I was listening the other day to Fractal Ontology’s recent podcast, which made me think how awesome it would be to start a collective blog which analyzes current events (politics, econ, business, etc.) through the lense of theory—post-structuralism, semiotics, psychoanalysis, philosophy of praxis, feminism, that sort of thing. I think there’s definitely a niche for it—something like a mix of Fractal Ontology (if they were remotely accessible to anyone but hardcore theory buffs) and The Disorder of Things (if they actually wrote anything). With printemps érable & the failure of Rio+20 there are surely a lot of philosophically inclined people who would be immensely receptive to the sort of in-depth and reflexive articulations that such a medium could provide; nor would the writing be much more difficult than for a ‘pure’ theory blog—to illustrate your concepts, just use a news article instead of a Borges story.
I just thought I’d throw the idea out there to see if anybody is interested.

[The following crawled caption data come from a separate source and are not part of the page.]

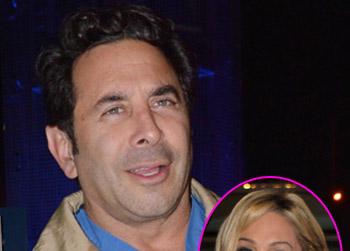 //paul responds adrienne accusations wenn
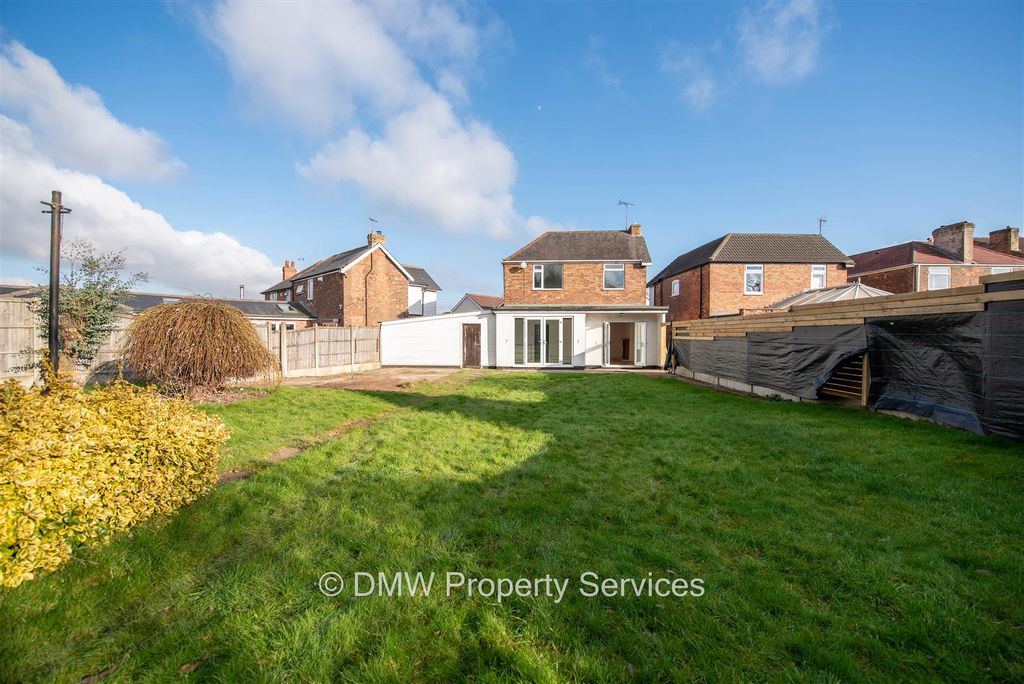 Property photo 2 of 16 Dsc_6718.Jpg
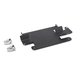 Kit additionnel aspirateur KM 100/120 R KÄRCHER - 2.853-030.0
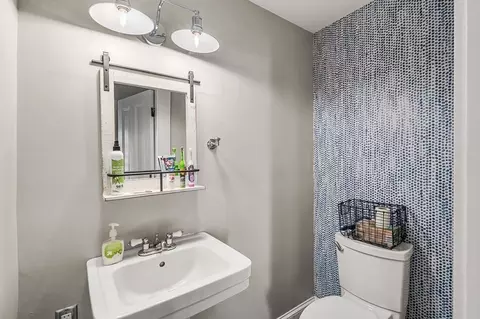 18 School St #2, Beverly, MA 01915 photo 21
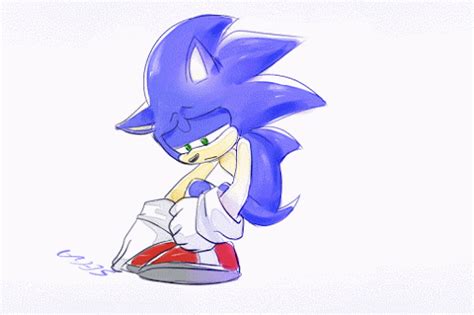 Test Title | Sonic the hedgehog, Sonic, Sonic and shadow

I have a wordpress blog (here) that I think would suffice for the job, and I wouldn’t at all be averse to changing the name, the layout, and so on, if desired. It would be possible to just make a collectively authored Tumblr, but I find that wordpress blogs are better overall for more lengthy and discursive posts.

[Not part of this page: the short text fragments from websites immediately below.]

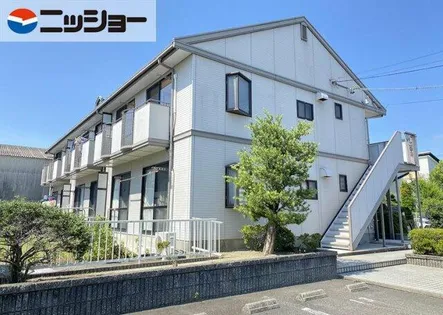 エトワールふようの画像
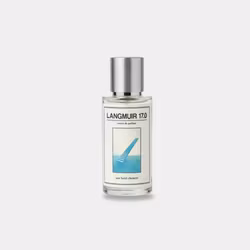 Langmuir 17.0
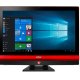 MSI Gaming 6QE 4K-012EU Intel® Core™ i7 i7-6700HQ 59,9 cm (23.6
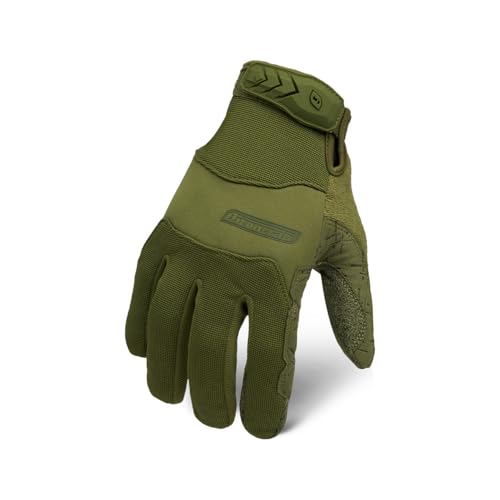Od Green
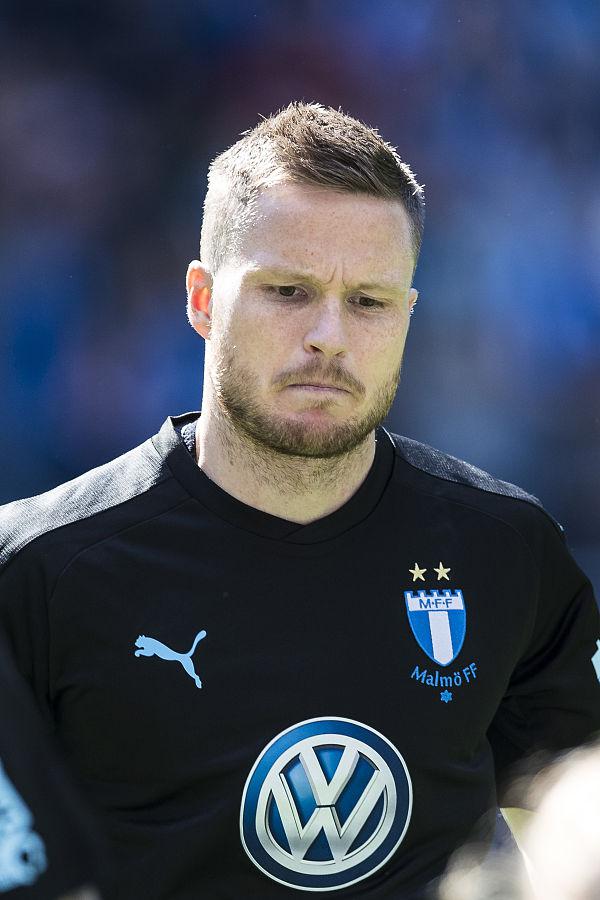 九游体育在线-图卢兹连续不胜，保级形势严峻的简单介绍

With school starting in September, it might seem like a bad time to suggest this kind of thing, but on the contrary, there’s nothing wrong with posting one’s homework assignment on a blog, provided it’s done well. In my own experience, having a blog increases my motivation to work hard on writing assignments, since I’d much rather write something for my limited online readership than for some flabby professor.
Tumblr spoils its users by not necessitating any written contribution on their part, so a lot of people using Tumblr might be intimidated at the thought of writing at length. But as Epictetus said: “If you would be a reader, read; if a writer, write!” There’s a fair amount of polemical debate on Tumblr, but if it bears any semblance of discursive rationality at all, it overwhelmingly tends to consist of the same vapid rhetoric that everybody else uses. Yet, to me it’s self-evident that in order to get beyond the antinomies of contemporary political debate it’s necessary to progress to a higher level of thought than that from which these viciously circular debates first arose.